On 2025-01-14 7:00 a.m., Peter Zijlstra wrote:
> On Mon, Jan 06, 2025 at 06:21:03AM -0800, kan.liang@linux.intel.com wrote:
>> @@ -4059,6 +4087,12 @@ static int intel_pmu_hw_config(struct perf_event *event)
>>  		event->hw.flags |= PERF_X86_EVENT_PEBS_VIA_PT;
>>  	}
>>  
>> +	if ((event->attr.sample_type & PERF_SAMPLE_READ) &&
>> +	    (x86_pmu.intel_cap.pebs_format >= 6) &&
>> +	    is_sampling_event(event) &&
>> +	    event->attr.precise_ip)
>> +			event->group_leader->hw.flags |= PERF_X86_EVENT_PEBS_CNTR;
>> +
> 
> White space fail, easily fixed though.
> 
>>  	if ((event->attr.type == PERF_TYPE_HARDWARE) ||
>>  	    (event->attr.type == PERF_TYPE_HW_CACHE))
>>  		return 0;
>> @@ -4167,6 +4201,24 @@ static int intel_pmu_hw_config(struct perf_event *event)
>>  	return 0;
>>  }
>>  
>> +static int intel_pmu_schedule_events(struct cpu_hw_events *cpuc, int n, int *assign)
>> +{
>> +	struct perf_event *event;
>> +	int ret = x86_schedule_events(cpuc, n, assign);
>> +
>> +	if (ret)
>> +		return ret;
>> +
>> +	if (cpuc->is_fake)
>> +		return ret;
>> +
>> +	event = cpuc->event_list[n - 1];
>> +	if (event && is_pebs_counter_event_group(event))
>> +		intel_pmu_pebs_update_cfg(cpuc, n, assign);
>> +
>> +	return 0;
>> +}
> 
> This lit up the WTF'o'meter for a bit. This needs a comment at the very
> least, but I also hate how this relies on the core code never doing a
> transaction larger than a single group.
> 
> Furthermore, you can have multiple ->schedule_events() calls in a single
> pmu_disable() section, so why is schedule_events() the right place to do
> this?
> 
> Could it not happen that you add group-a, which has this PEBS_CNTR thing
> on, computes the fancy new pebs_data_cfg field. Then adds another event,
> which perturbs the counter placement, does not update the pebs_data_cfg
> and you're up a creek?
> > I would've thought that x86_pmu_enable() would be a better place for
> this -- that's the one place where everything is set up, right before it
> is made to go.

Yes, the x86_pmu_enable() seems a better place for the global setup.

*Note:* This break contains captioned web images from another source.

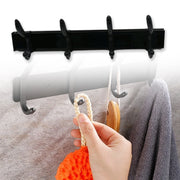 Black four-hook coat rack on a grey tiled wall, with a hand holding a loofah and a grey towel hanging.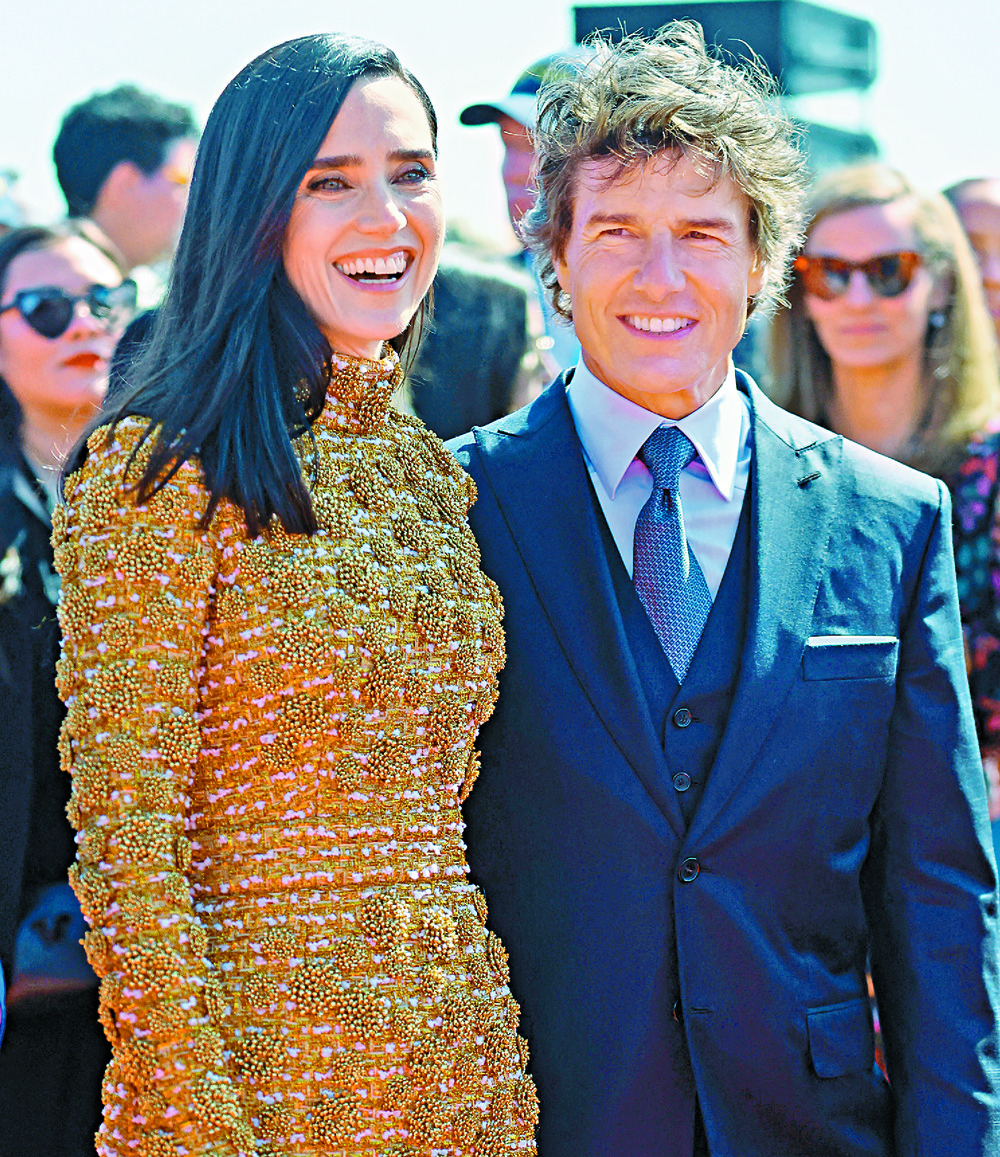 Costars Jennifer Connelly and Tom Cruise at a Top Gun: Maverick premiere. Left: Cruise gets star treatment at Cannes. Costars Jennifer Connelly and Tom Cruise at a Top Gun: Maverick premiere. Left: Cruise gets star treatment at Cannes.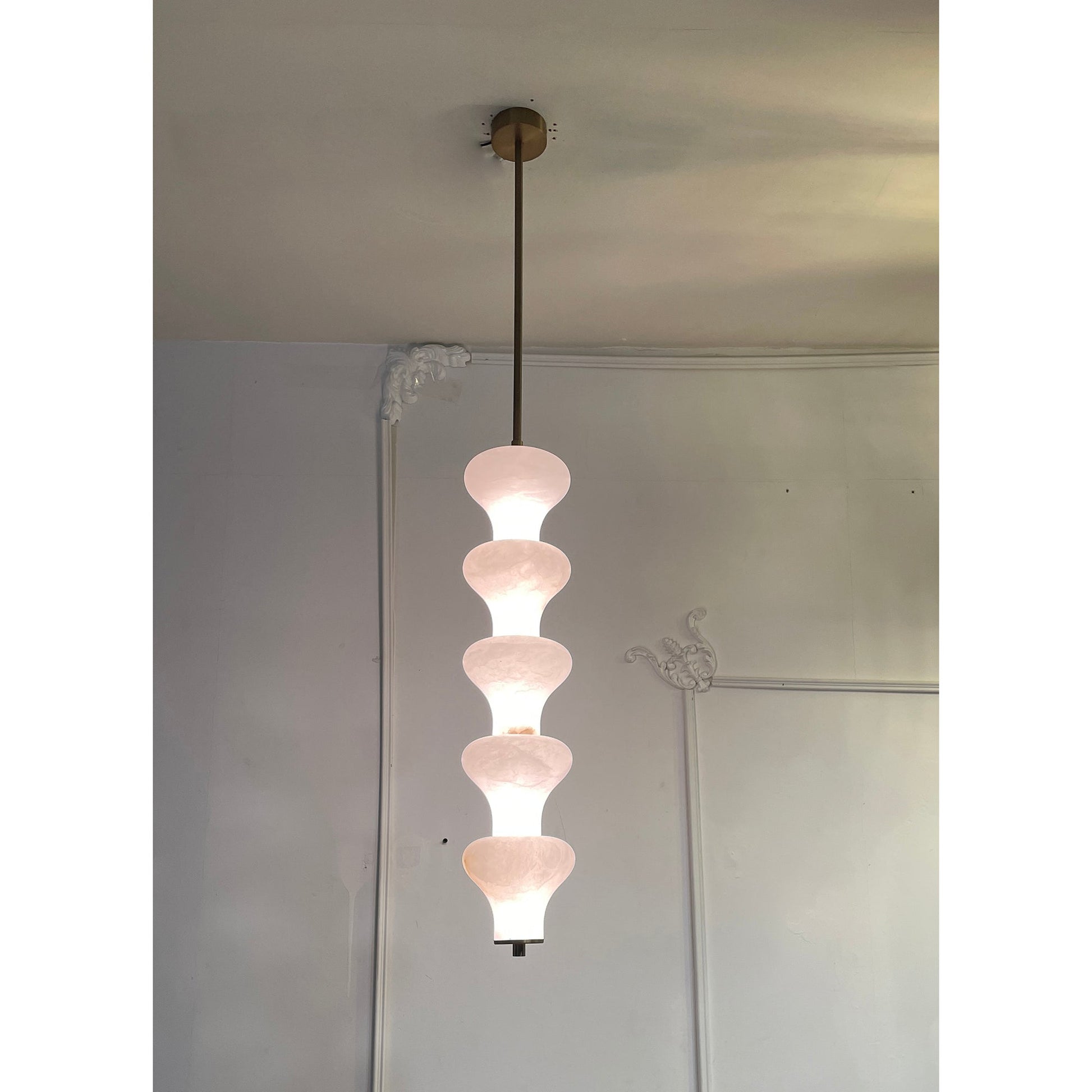 The pendant lamp shown in a contemporary hallway.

> Only problem seems to be x86_pmu_enable_all() /
> x86_pmu.enable_all() isn't given the right information, but that should
> be fixable. Maybe clear cpuc->n_added after calling enable_all() ?


Not the x86_pmu_enable_all(). The setup should be done before
x86_pmu_start(), which update the MSR_PEBS_DATA_CFG.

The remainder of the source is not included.